An exact copy of the data is needed, but without any of its images.

[GIVEN DATA Boundary: Start]

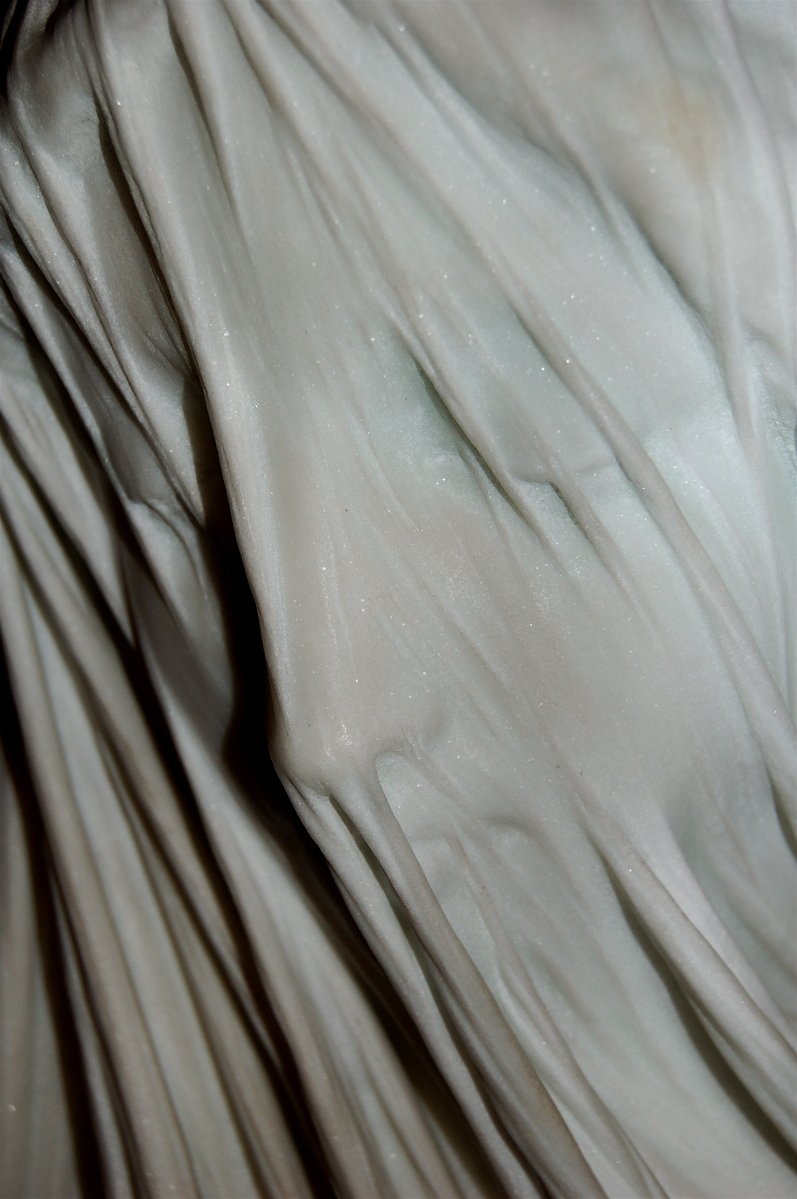 this is the side view of a white sheer curtain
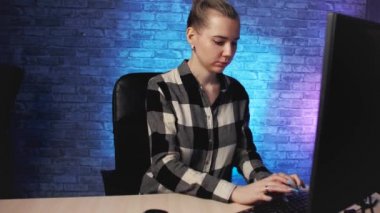 Kız bilgisayar masasında çalışıyor, kamera yavaş hareket ediyor.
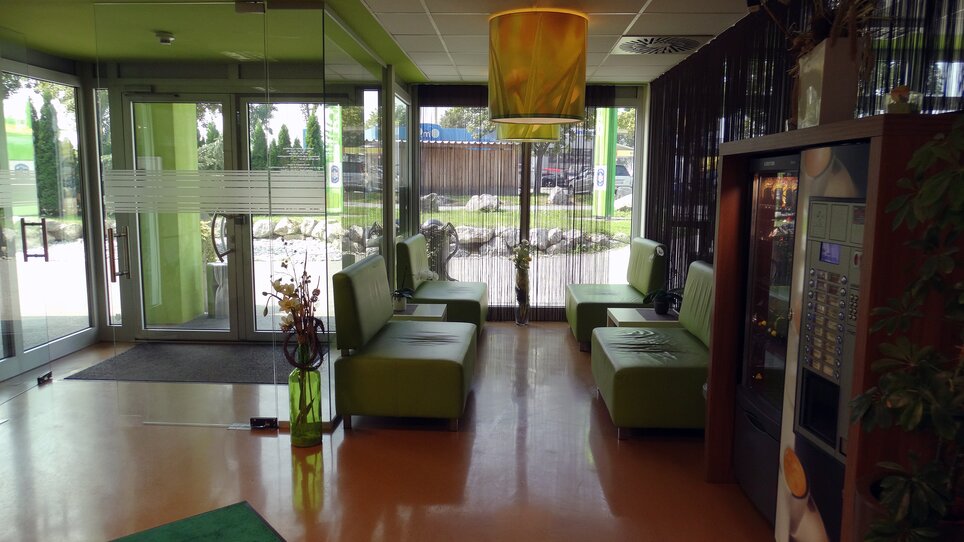Ein Empfangsbereich mit grünen Sitzmöbeln und einem Automaten.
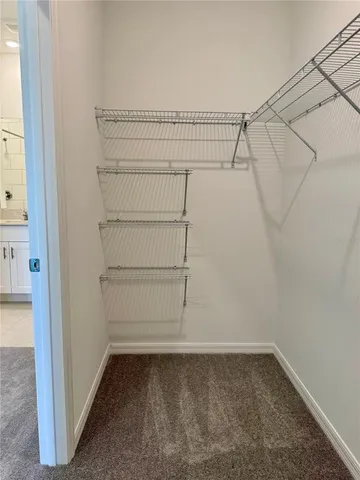 a view of a room with racks on the wall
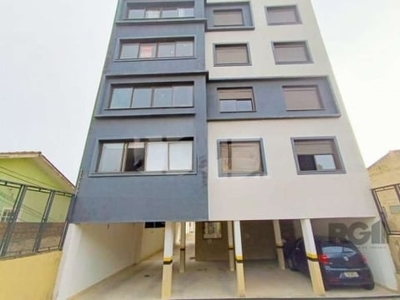 Apartamento para locação no bairro tristeza, com aproximadamente 39m² de área privativa, piso porcelanato/laminado, ótima iluminação natural, 01 dormitório, living, cozinha e área de serviço integrad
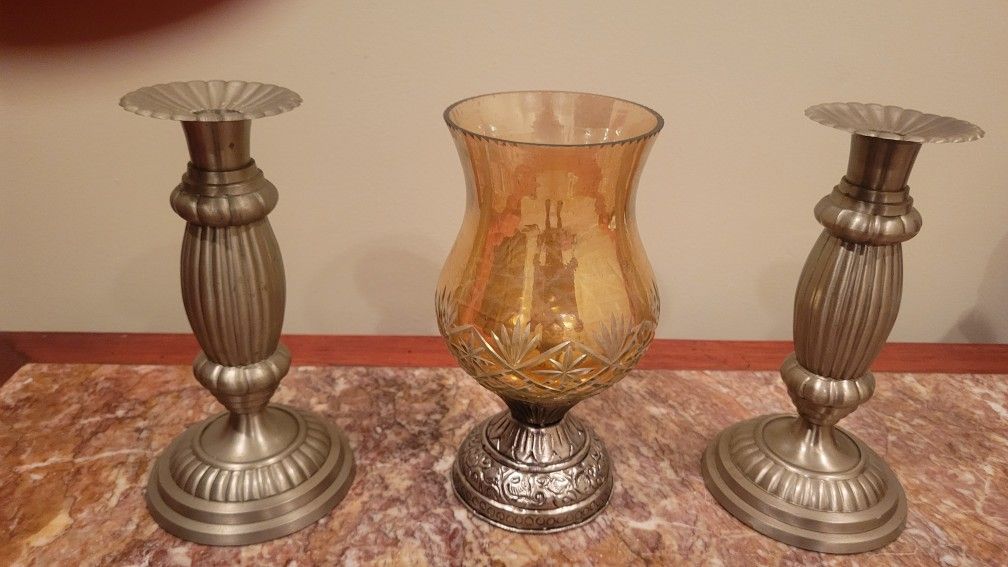 Two Candle Holders and One Glass Candle holder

[GIVEN DATA Boundary: End]

### THE COMPLETED TASK
 this is the side view of a white sheer curtain
 Kız bilgisayar masasında çalışıyor, kamera yavaş hareket ediyor.
Ein Empfangsbereich mit grünen Sitzmöbeln und einem Automaten.
 a view of a room with racks on the wall
 Apartamento para locação no bairro tristeza, com aproximadamente 39m² de área privativa, piso porcelanato/laminado, ótima iluminação natural, 01 dormitório, living, cozinha e área de serviço integrad
 Two Candle Holders and One Glass Candle holder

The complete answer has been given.